Capital Markets Scoreboard: the importance of listed companies to foster growth and economic development

Online the new scoreboard dedicated to capital markets

EQUITA, the leading independent investment bank in Italy, and Bocconi University announce the publication of a new Capital Markets Scoreboard.

The scoreboard – edited by EQUITALAB, the laboratory focusing on applied research and policy impact that combines the multi-disciplinary knowledge and research expertise of BAFFI CAREFIN – Centre for Applied Research with the field-experience on capital and financial markets of EQUITA – not only advances public discussion but also highlights both the strengths and weaknesses of Italy’s economic policies.

2022 was a tumultuous year around the globe, largely due to geopolitical tensions, a new inflationary scenario, and the quantitative tightening of central banks worldwide. The changed macroeconomic scenario offers a unique opportunity to reimagine and rebuild the capital market infrastructure, securing a foothold for Italy and the EU on the path toward a full post-pandemic recovery. The MEF Green Book, the proposed EU Listing Act, and the National Recovery and Resilience Plan (NRRP) could trigger the relaunch of capital market circuits in Italy. To this end, developing an ongoing scoreboard and publishing an annual report with relevant analysis have become critical tools.

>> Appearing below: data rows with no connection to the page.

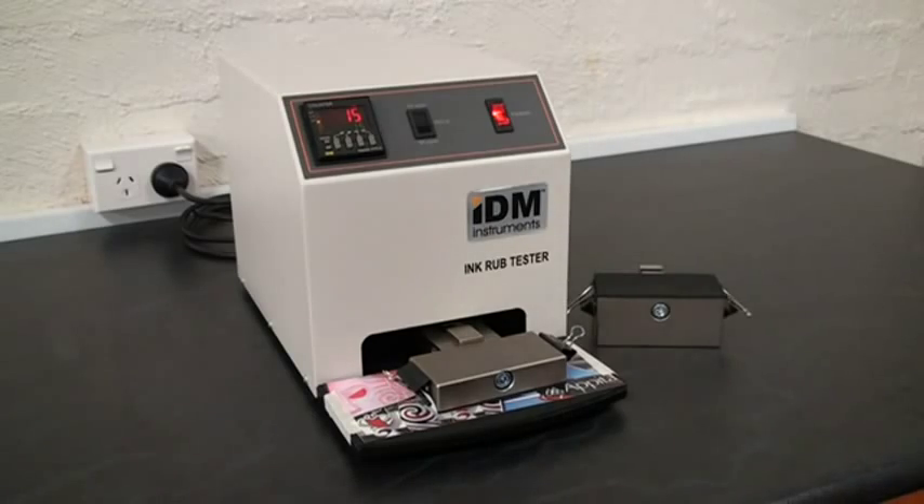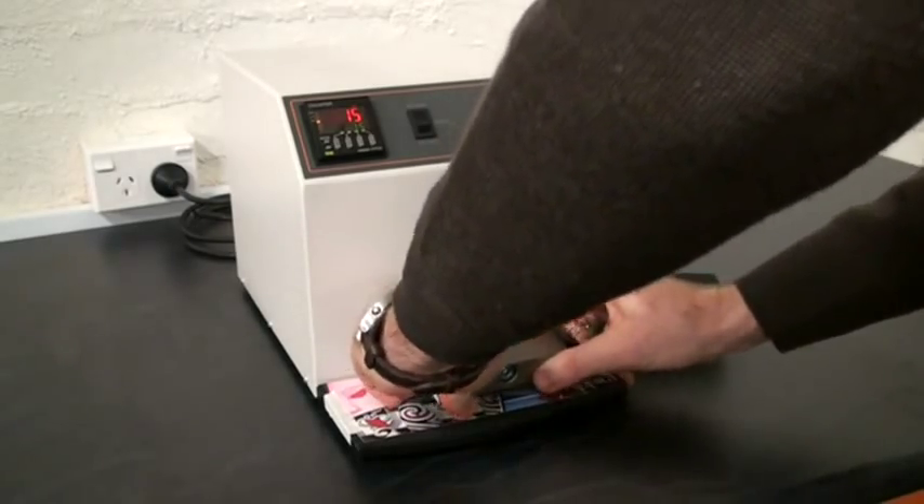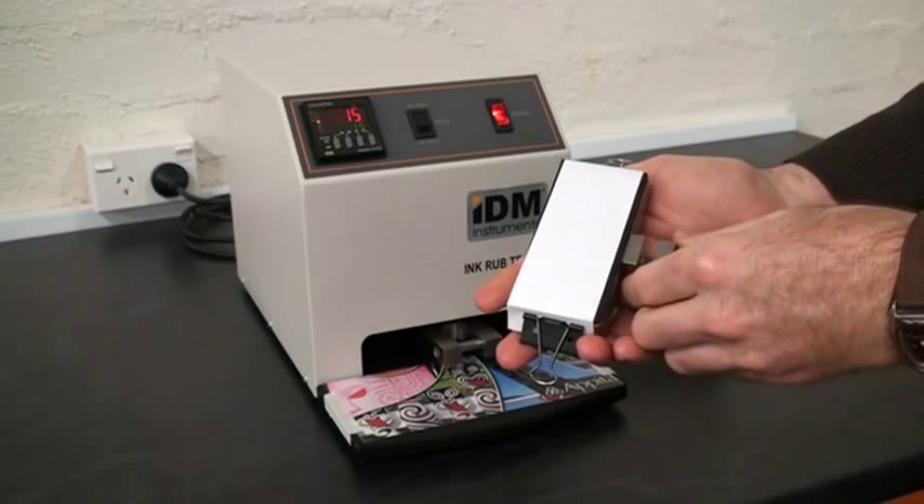At the end of the test, the instrument automatically stops, so we can remove our weight to assess how much scuffing has occurred in ink transfer.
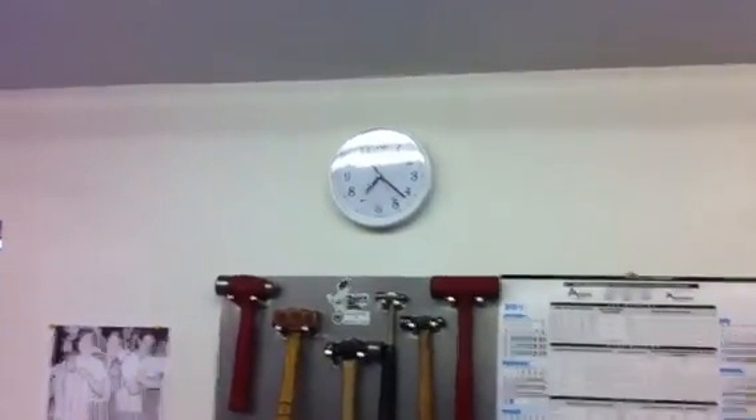Looks like about 20 minutes after 7. Long day at the mill. Got a lot of parts done today.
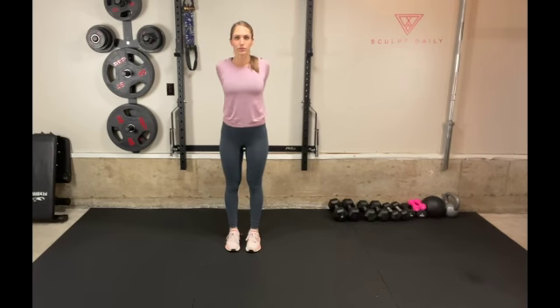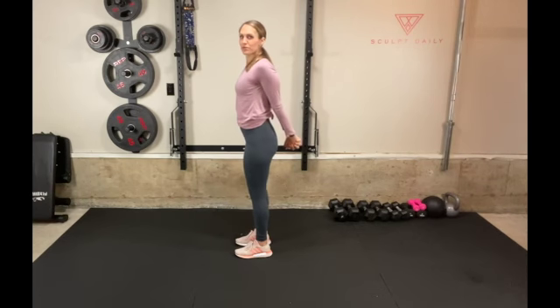Your shoulders should be anchored down low and together behind you so that you can feel the stretch through your chest. Continue to breathe and make sure that your core is engaged throughout the stretch.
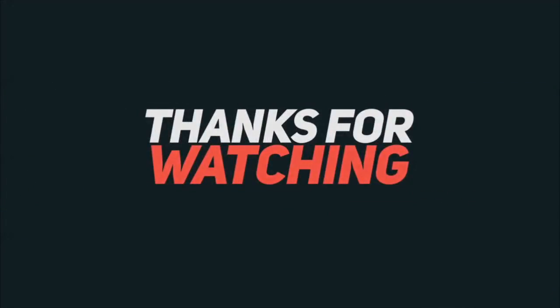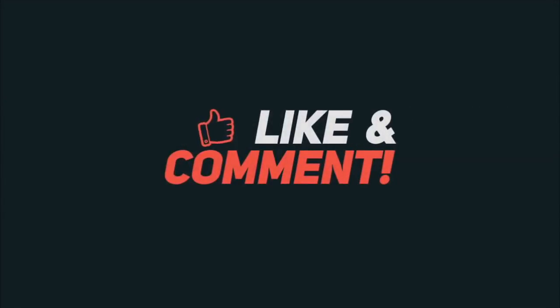If you want an interesting video, like, comment, share and subscribe to our channel if you want to see more interesting videos. Thank you so much, and of course subscribe to my channel. We'll see you next time.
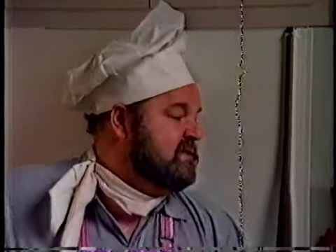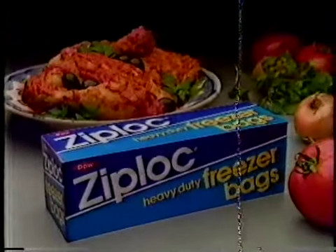I'll even dare you, my lovelies, till we eat again. Ziploc. We've got the lock on food protection.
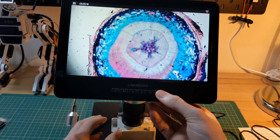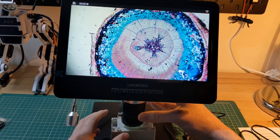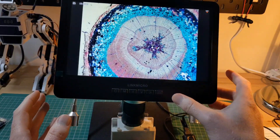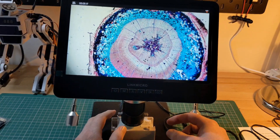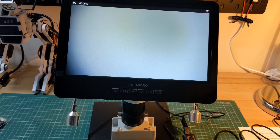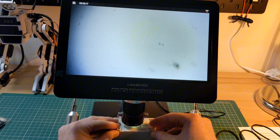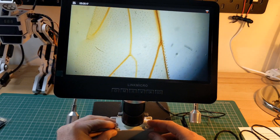This is a pine stem cross section, and you can see the detail is incredible. The second slide is a bee wing. What looks like the individual hairs are clearly visible.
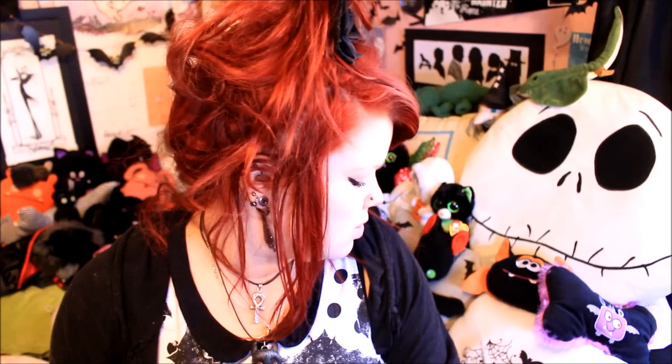Hi guys, so today I have a Spooky Box Club unboxing for you. I have been waiting to do this box for literally ages. I meant to do it before Christmas but things got in the way — I ate too much food, had too much fun and just didn't get around to filming it. So today I am doing the Blood Moon Box, and I'm doing this as a little bit of a collaboration. Recently the Spooky Box Club boxes have been a little bit controversial — some people have been loving them, some people haven't liked them as much.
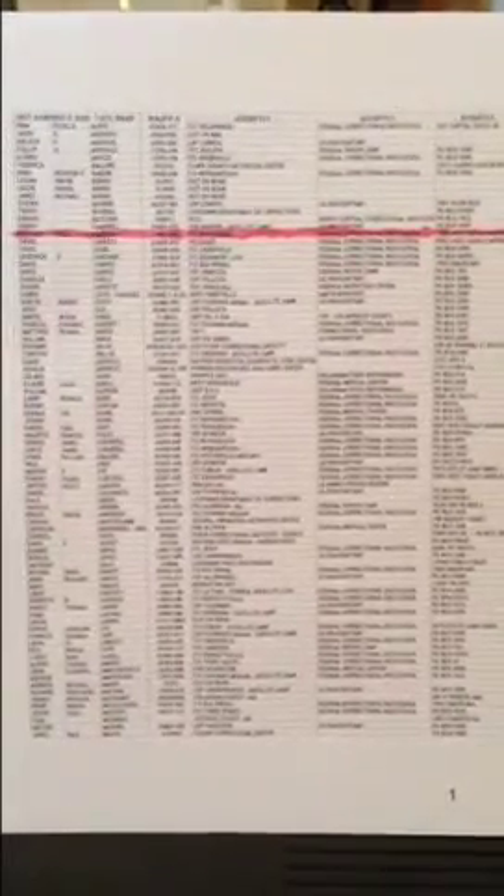Here in front of us is a printed out version of our POW list. I have highlighted Michael Paul Carlton to be the person that I would like to write today. His birthday is on the 17th, so I thought it would be a great time to get an introduction letter out and send him a card.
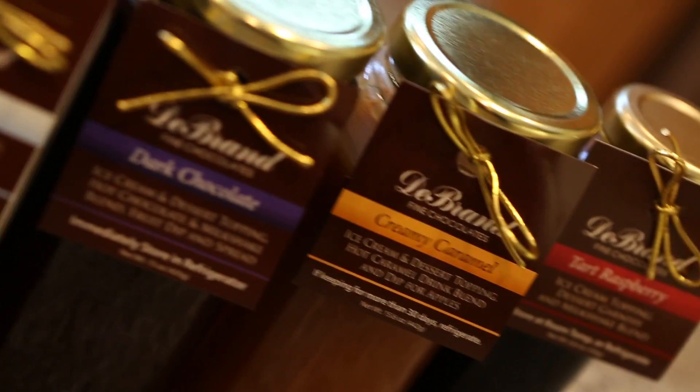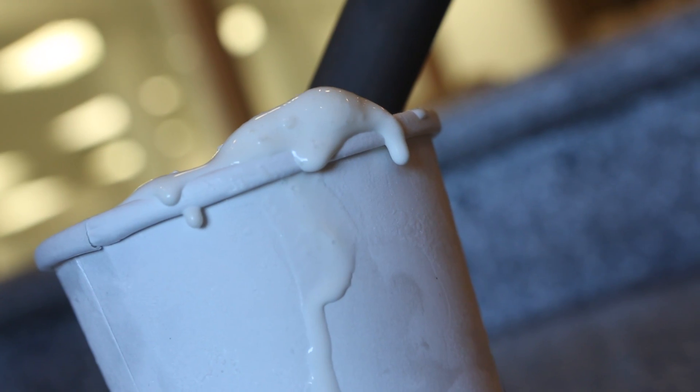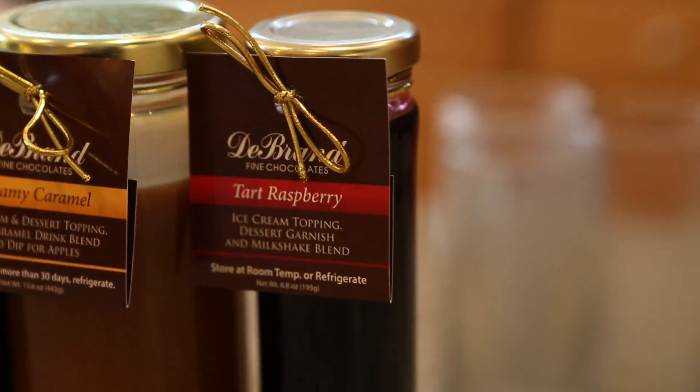Our DeBrand and Ajar ice cream toppings are not only wonderful for sundaes, but I like to use them for milkshakes. I'm going to start with vanilla ice cream and, of course, add some milk. And I am going to choose my favorite — raspberry.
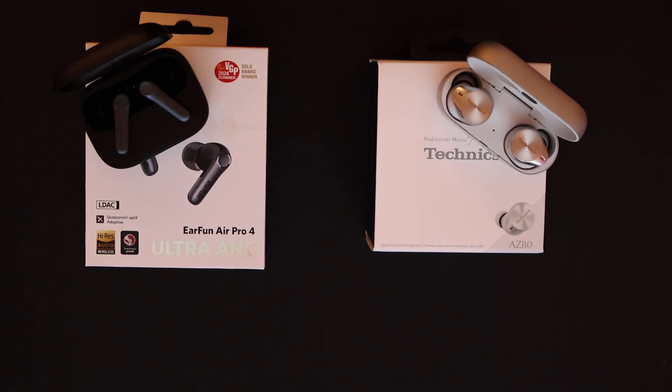It has better comfort than the Technics and a wider soundstage. As a matter of fact, it has the widest soundstage I have ever experienced on Bluetooth devices that I've ever tested — and you've heard the brands I've had. You can check my channel for those. But yes, this has the widest soundstage I've ever experienced on Bluetooth devices.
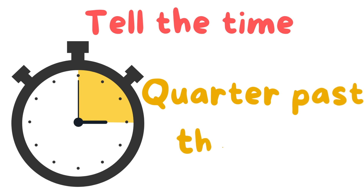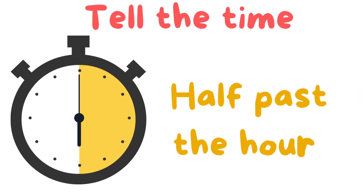Tell the time. Quarter past the hour. Quarter past the hour. Half past the hour.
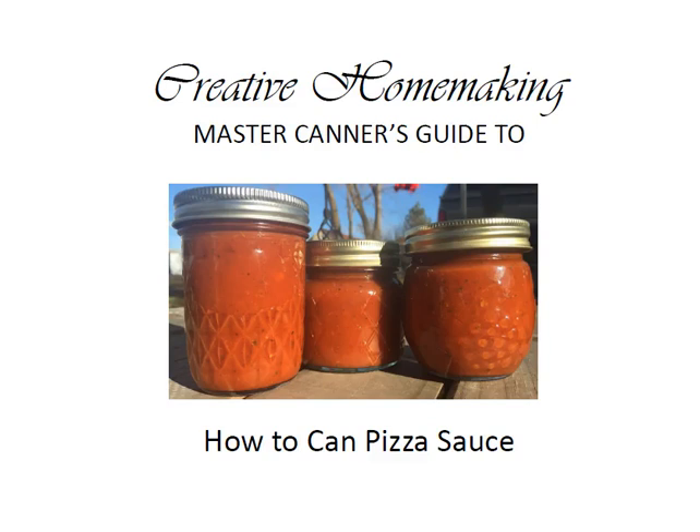Hi, my name is Rachel Paxton. Today I'm here to show you how to make pizza sauce and to can it. I'm excited to show this to you. This is the first time I've made this and I'm excited about how it turned out — it turned out really great. This is another good way that you'll be able to use the tomatoes you grow during the summer.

The scoreboard analyses the contribution to GDP and taxes of publicly traded companies, as well as the contribution to employment and diversity. Scoreboard also investigates the investments from abroad, M&A transactions, exports and innovation. All the analyses compare economic and financial figures of Italy, France and Germany and highlight the gaps between Italy and the other two European countries.

As a result, the scoreboard highlights the importance of large, listed companies for the growth and development of a country. Larger companies have a significant overall impact on the economy, as they can create widespread employment, and implement a serious ESG policy, specifically pursuing rigorous environmental initiatives that require substantial financial resources. Larger companies can make investments in innovation and R&D, pushing their competitive advantage, becoming centres of gravity of induced investments’ flow and of supply chains, and attracting the best talents. Large companies can develop a diversified portfolio that protects them against risks and gives rise to opportunities they can seize. Finally, large companies are a tool of economic diplomacy, supporting the country’s foreign policy and making it more visible.